After a brief respite in last Saturday's 4-0 demolition of Sunderland, the lack of urgency which has too-often characterised Swansea City this season made an unwelcome return. Thursday night's 1-1 Europa League home draw with Kuban Krasnodar was disappointing given the nature of the equalizer, but the result might have been all the Swans deserved.
Swansea dominated possession on the night with 65 percent to Kuban's 35, but despite the imbalance both sides managed 17 shots and a goal apiece. Superficially at least, the cynics' assertion that it's not how long you keep the ball but rather what you do with it would appear to ring true.
The Swans' build-up play and Kuban's defensive response demanded patience. Yet this game was no pressure cooker, rather a slow-burner with a lukewarm climax. Kuban will feel differently of course, but the Swans frustration at not being able to defend the smallest possible margin of victory might have been avoided altogether.
The patience shown by Swans fans in waiting for Wilfried Bony's dam to burst has so far been matched only by the team's attacking approach on the field. The slow dance-steps of Swansea's peripheral probing, the ball at a crawl, played either to man-marked feet or crossed toward a forward outnumbered three-to-one is proving to be an ongoing source of frustration. Where is the quickness of thought and feet which exemplified Laudrup's pre-Cup-winning Swans of last season?
The frustration is apparently shared by at least one or two Swansea players. Michu wouldn't be Michu without screaming and shouting when the ball doesn't fall right for him, but he has the valuable gift of turning his frustration into goals. Jonjo Shelvey wants to impose himself on every game, and it could be argued that it was Shelvey's late gung-ho run through the centre of the park which led to a tackle, a long ball, and ultimately the game-tying penalty, converted by Djibril Cisse.
The book says Shelvey ought to have played safe, that he shouldn't have been trying to score with his team holding a one-goal lead and barely a minute left on the clock.

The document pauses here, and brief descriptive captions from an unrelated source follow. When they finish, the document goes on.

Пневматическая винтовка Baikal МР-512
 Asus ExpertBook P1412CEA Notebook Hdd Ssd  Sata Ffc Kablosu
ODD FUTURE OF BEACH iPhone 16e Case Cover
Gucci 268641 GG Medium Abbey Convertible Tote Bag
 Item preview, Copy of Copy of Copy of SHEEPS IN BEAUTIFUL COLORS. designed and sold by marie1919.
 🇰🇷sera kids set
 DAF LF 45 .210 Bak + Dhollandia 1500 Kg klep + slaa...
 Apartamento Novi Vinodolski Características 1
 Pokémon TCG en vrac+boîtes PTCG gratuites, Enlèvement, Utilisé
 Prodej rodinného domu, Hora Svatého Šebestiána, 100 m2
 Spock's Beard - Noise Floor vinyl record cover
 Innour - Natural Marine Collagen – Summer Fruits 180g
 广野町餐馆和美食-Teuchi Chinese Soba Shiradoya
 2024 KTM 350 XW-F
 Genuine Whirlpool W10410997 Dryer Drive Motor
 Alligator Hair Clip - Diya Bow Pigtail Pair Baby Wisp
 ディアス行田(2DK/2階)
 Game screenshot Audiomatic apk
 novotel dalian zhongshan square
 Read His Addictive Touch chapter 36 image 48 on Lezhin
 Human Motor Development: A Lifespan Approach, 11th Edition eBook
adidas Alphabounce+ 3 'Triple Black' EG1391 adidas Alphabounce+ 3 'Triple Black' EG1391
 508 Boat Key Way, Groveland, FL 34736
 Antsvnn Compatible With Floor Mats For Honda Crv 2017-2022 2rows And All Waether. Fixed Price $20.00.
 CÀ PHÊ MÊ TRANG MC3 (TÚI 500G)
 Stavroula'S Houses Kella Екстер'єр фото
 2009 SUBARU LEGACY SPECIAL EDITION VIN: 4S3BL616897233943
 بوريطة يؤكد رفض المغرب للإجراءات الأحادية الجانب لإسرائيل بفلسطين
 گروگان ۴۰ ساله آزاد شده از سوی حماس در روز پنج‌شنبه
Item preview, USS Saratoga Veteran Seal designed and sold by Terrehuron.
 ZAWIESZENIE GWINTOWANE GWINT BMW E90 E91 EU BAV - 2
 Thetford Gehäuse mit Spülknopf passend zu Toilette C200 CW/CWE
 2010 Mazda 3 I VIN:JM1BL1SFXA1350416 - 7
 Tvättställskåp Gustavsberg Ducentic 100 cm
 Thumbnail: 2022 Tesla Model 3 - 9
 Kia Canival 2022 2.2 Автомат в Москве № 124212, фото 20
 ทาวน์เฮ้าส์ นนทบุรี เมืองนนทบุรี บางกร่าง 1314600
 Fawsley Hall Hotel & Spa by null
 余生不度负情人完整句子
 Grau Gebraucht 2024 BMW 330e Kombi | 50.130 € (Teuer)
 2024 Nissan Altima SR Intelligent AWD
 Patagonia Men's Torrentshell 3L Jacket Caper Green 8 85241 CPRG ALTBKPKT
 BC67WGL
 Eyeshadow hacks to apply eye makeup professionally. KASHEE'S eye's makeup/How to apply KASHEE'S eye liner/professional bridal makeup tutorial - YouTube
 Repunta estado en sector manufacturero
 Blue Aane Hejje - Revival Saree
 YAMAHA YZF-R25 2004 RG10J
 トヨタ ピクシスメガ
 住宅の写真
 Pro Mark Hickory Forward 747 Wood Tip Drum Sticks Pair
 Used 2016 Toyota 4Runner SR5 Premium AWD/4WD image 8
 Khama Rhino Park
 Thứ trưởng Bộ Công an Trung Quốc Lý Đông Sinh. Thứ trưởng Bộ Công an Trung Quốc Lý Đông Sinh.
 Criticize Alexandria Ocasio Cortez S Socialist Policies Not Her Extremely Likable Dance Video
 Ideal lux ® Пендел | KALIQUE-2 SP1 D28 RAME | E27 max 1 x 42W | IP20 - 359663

However, it is difficult for a side to play keep-ball and run into the corners when almost every man is battling the feeling that the game should be beyond reach by now, there ought to have been more goals, there still could be.
Laudrup would certainly have preferred the safe play, but to sit on a lead is to invite attack. Besides, while there is satisfaction in 'seeing a game out' knowing your side has played well, done what was asked, won the game, there was no such satisfaction for Swansea on Thursday night.
Yes, on paper, the Swans had done what was asked, had effectively won the game, but the frustration lingers, an itch under the skin of a squad who know they are not playing their best. Bony has started slowly, Pablo is missed, and Swansea still lean too heavily on Michu.
It sometimes feels that Swansea are too sophisticated for their own good. Having spent the summer swapping weaker players for technical aesthetes, Laudrup now has a squad full of players who ought to be capable of magic, but instead seem afflicted with choice paralysis.
The freedom the Swans players are given to run the game is a tribute to individual skill, but too often we see an errant pass as a result of miscommunication, or the ball at a standstill at a wingers' feet while that player decides what he should do next, watched by team-mates uncertain whether to make a run or stay put.
Old-fashioned football sensibilities are anathema to the Swansea Way, but I think a winger can occasionally afford to be old-fashioned, to use his pace and run at his man, to whip quick balls in or drive into the penalty box. Perhaps if the Swansea players had a stricter remit, were told precisely what to do in a given situation instead of being overwhelmed with options, the side could focus their collective ability, instead of being hamstrung by it.
Football's a simple game, so they say. Thursday's result doesn't matter that much; the Swans are still in the driver's seat in their Europa League group. However, with the South Wales derby around the corner, the Swans will want to get leaner, quicker and meaner.
I'm going to dig out a recording of last season's 3-1 victory against West Brom later, to see what the Swans did differently in their most convincing victory under Laudrup. Perhaps the Swans might do the same to remind themselves how good they can be when they mean it.